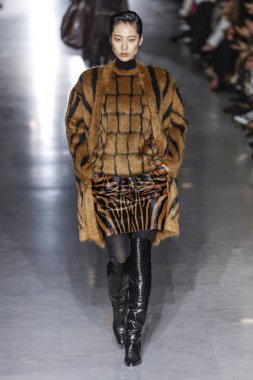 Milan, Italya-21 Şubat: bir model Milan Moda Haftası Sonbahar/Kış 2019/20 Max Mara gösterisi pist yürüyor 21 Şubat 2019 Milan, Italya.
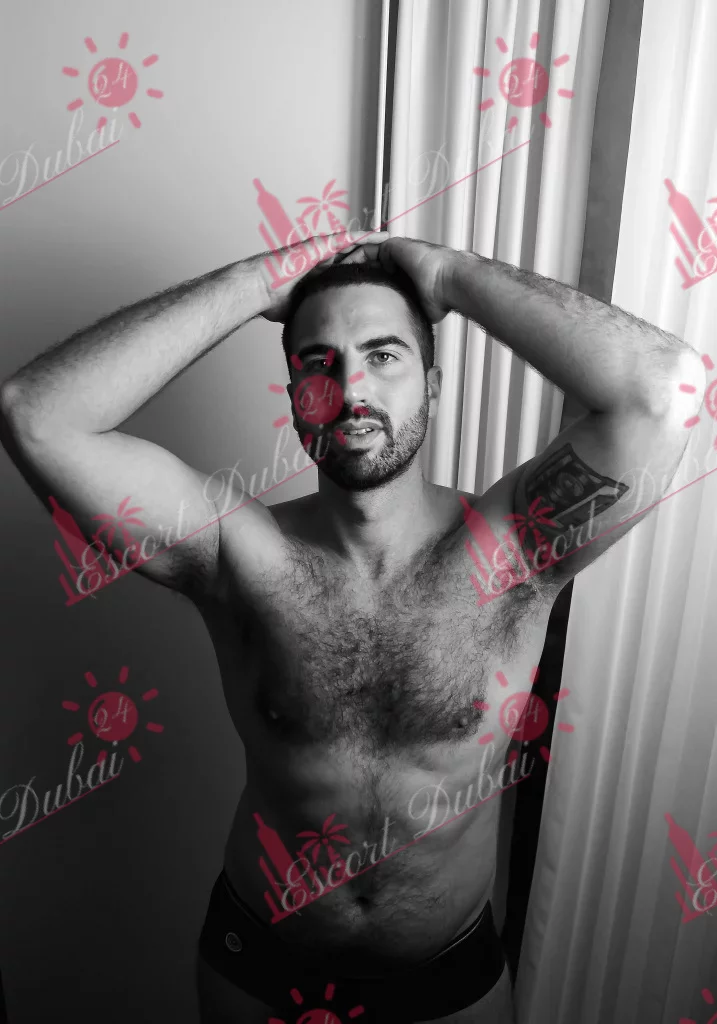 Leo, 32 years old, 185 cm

☆ ☆ ☆ ☆ ☆

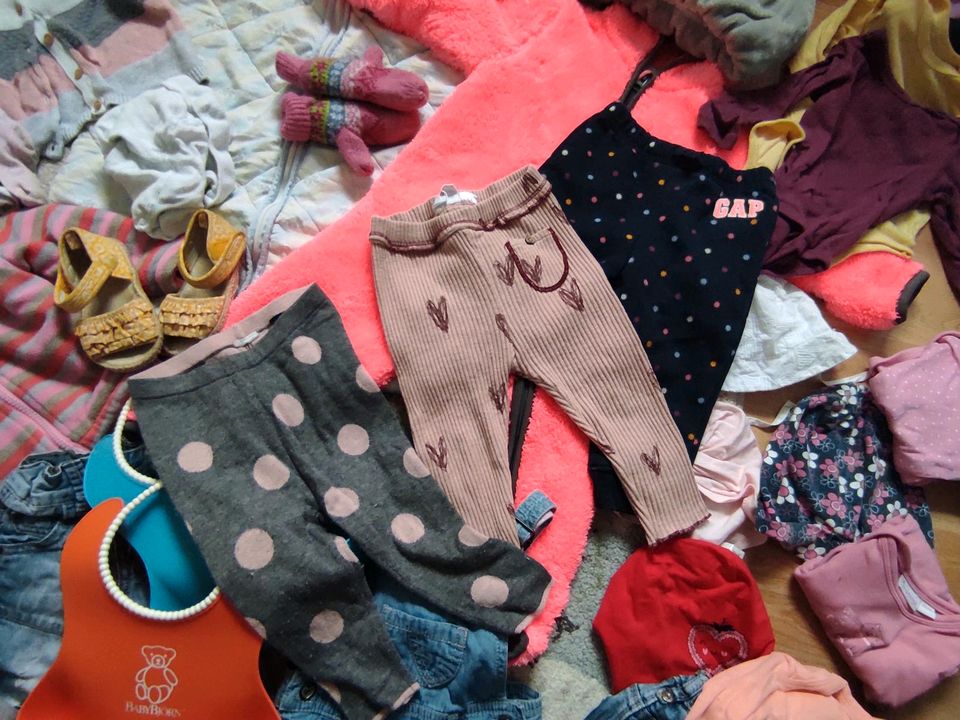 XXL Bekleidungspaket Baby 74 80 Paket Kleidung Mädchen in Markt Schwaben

☆ ☆ ☆ ☆ ☆

■ WHAT IS BEING ASKED
Up in the listing, locate the line with "Milan, Italya-21 Şubat: bir"; print it and every line after it down to the line with "Leo, 32 years old, 185 cm", which is included too. Skip the pictures.

■ EXERCISE SOLUTION
 Milan, Italya-21 Şubat: bir model Milan Moda Haftası Sonbahar/Kış 2019/20 Max Mara gösterisi pist yürüyor 21 Şubat 2019 Milan, Italya.
 Leo, 32 years old, 185 cm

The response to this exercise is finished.